## Requirement
All of the data below should be set down again verbatim, without any images.

## Entries shown
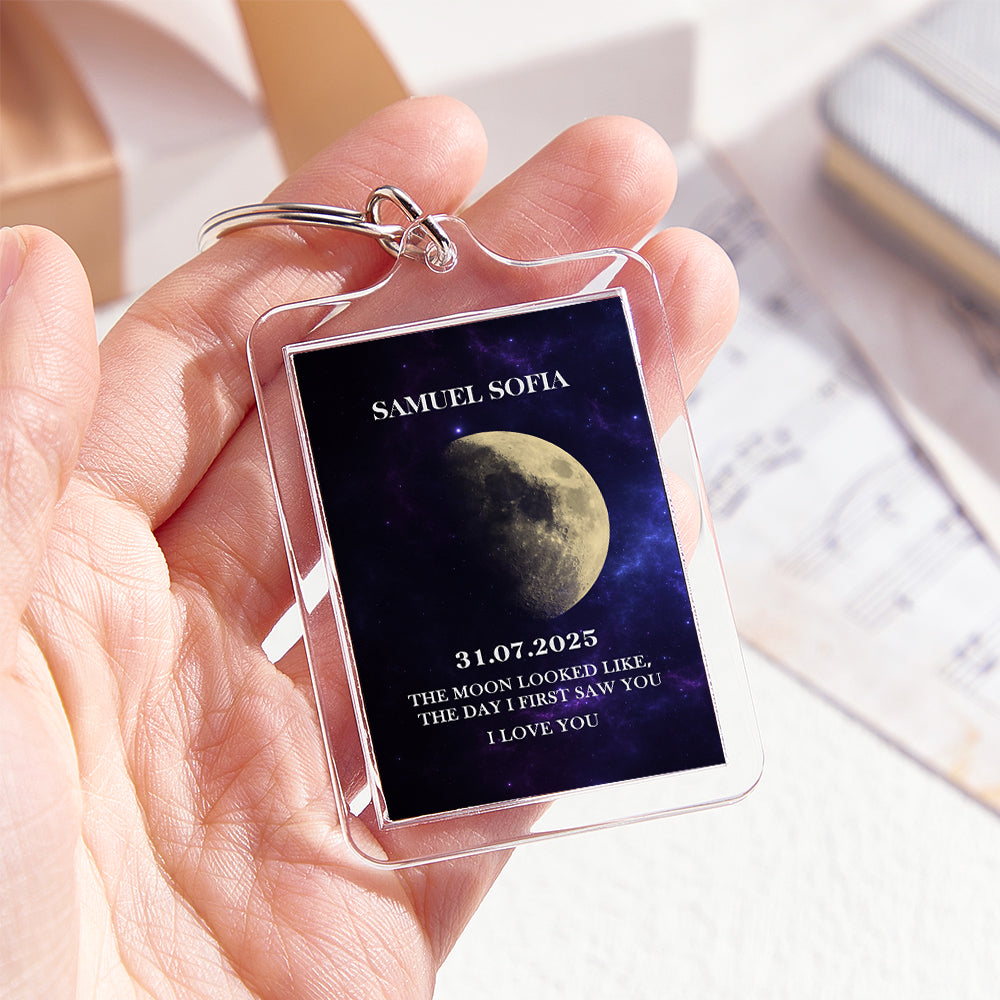 Custom Moon Phase Keychain Starry Sky Background Optional with Acrylic Shell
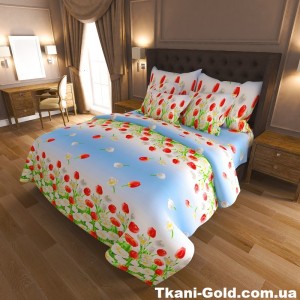 Комплект постельного белья Gold N-7019-blue
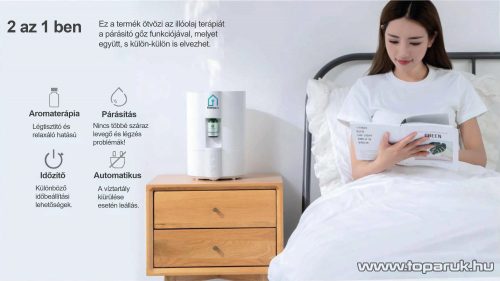 Kompact Aroma Humidifier HM-K-AR Szabadonálló aroma és párásító készülék, aromaterápiás diffúzor, fehér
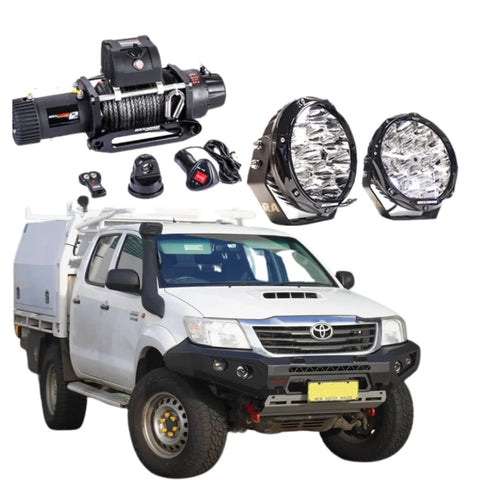 White toyota hilux ute with rockarmor gt hoopless steel bullbar front combo and offroad 4wd accessories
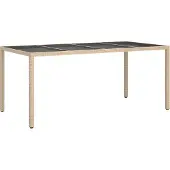 Syfax Gartentisch Beige 190 x 90 x 75 cm Poly-Rattan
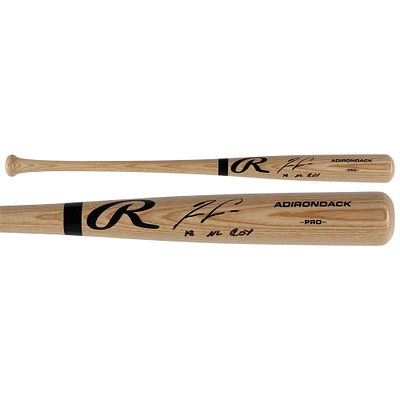 Ronald Acuña Jr., batteur professionnel dédicacé par les Braves d'Atlanta, blonde et Rawlings, avec l'inscription « 18 NL ROY »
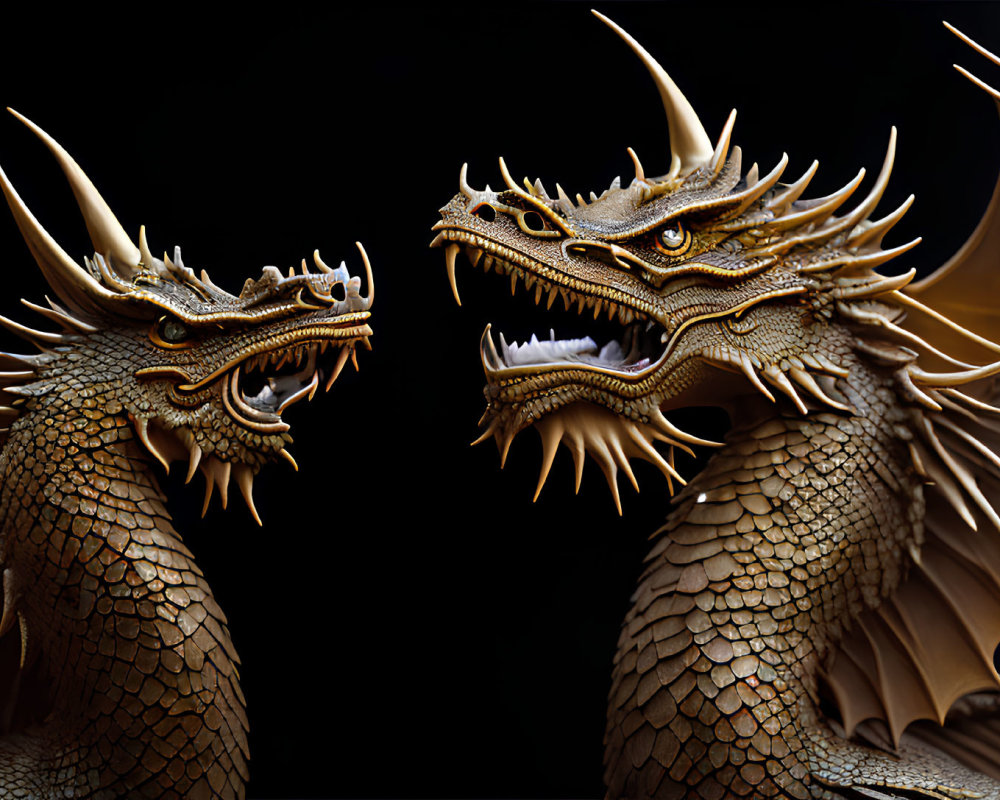 Two fierce dragons with sharp horns and scales facing off on dark background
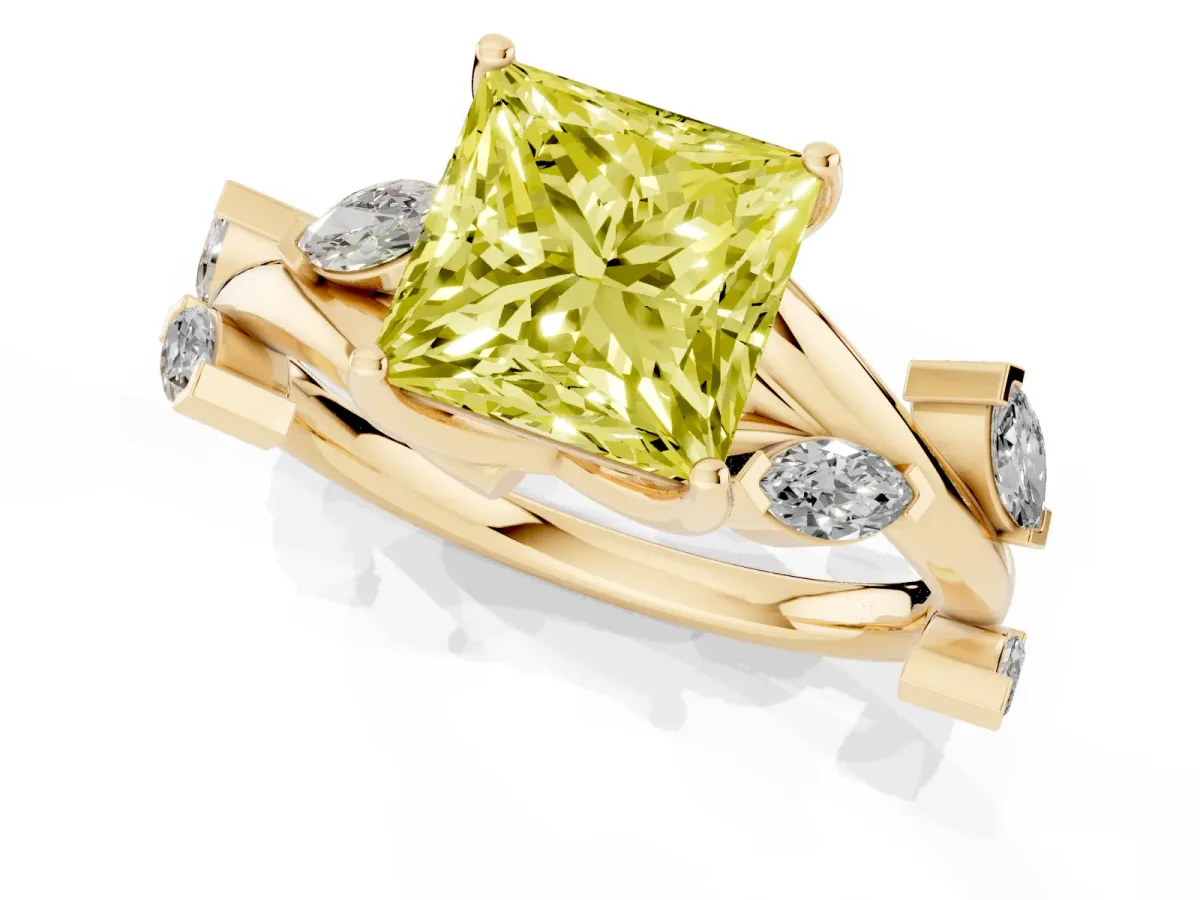 Fancy Yellow Princess Cut Solitaire Twisted Band Marquise Accent Prong Setting Ring Yellow gold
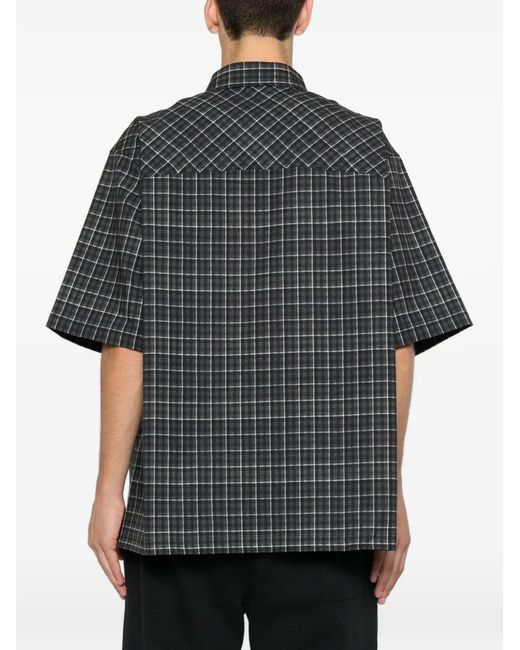 Roa Gray Check-Print Short-Sleeve Shirt for men
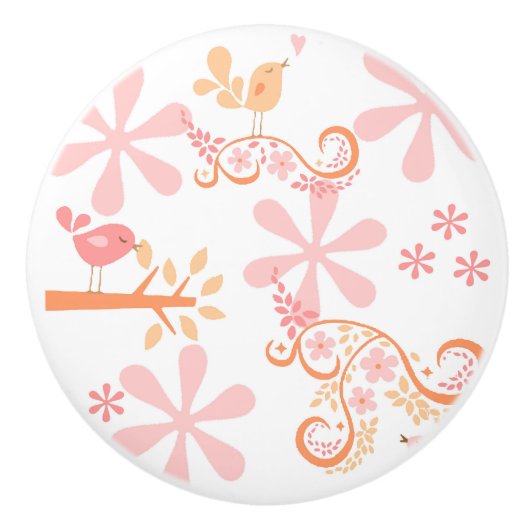 鳥と花 セラミックノブ (正面)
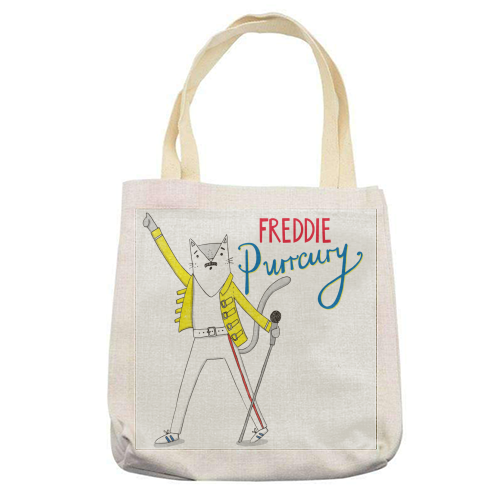 Freddie Purrcury - printed tote bag by Katie Ruby Miller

## Reply
 Custom Moon Phase Keychain Starry Sky Background Optional with Acrylic Shell
 Комплект постельного белья Gold N-7019-blue
 Kompact Aroma Humidifier HM-K-AR Szabadonálló aroma és párásító készülék, aromaterápiás diffúzor, fehér
 White toyota hilux ute with rockarmor gt hoopless steel bullbar front combo and offroad 4wd accessories
 Syfax Gartentisch Beige 190 x 90 x 75 cm Poly-Rattan
 Ronald Acuña Jr., batteur professionnel dédicacé par les Braves d'Atlanta, blonde et Rawlings, avec l'inscription « 18 NL ROY »
 Two fierce dragons with sharp horns and scales facing off on dark background
 Fancy Yellow Princess Cut Solitaire Twisted Band Marquise Accent Prong Setting Ring Yellow gold
 Roa Gray Check-Print Short-Sleeve Shirt for men
 鳥と花 セラミックノブ (正面)
 Freddie Purrcury - printed tote bag by Katie Ruby Miller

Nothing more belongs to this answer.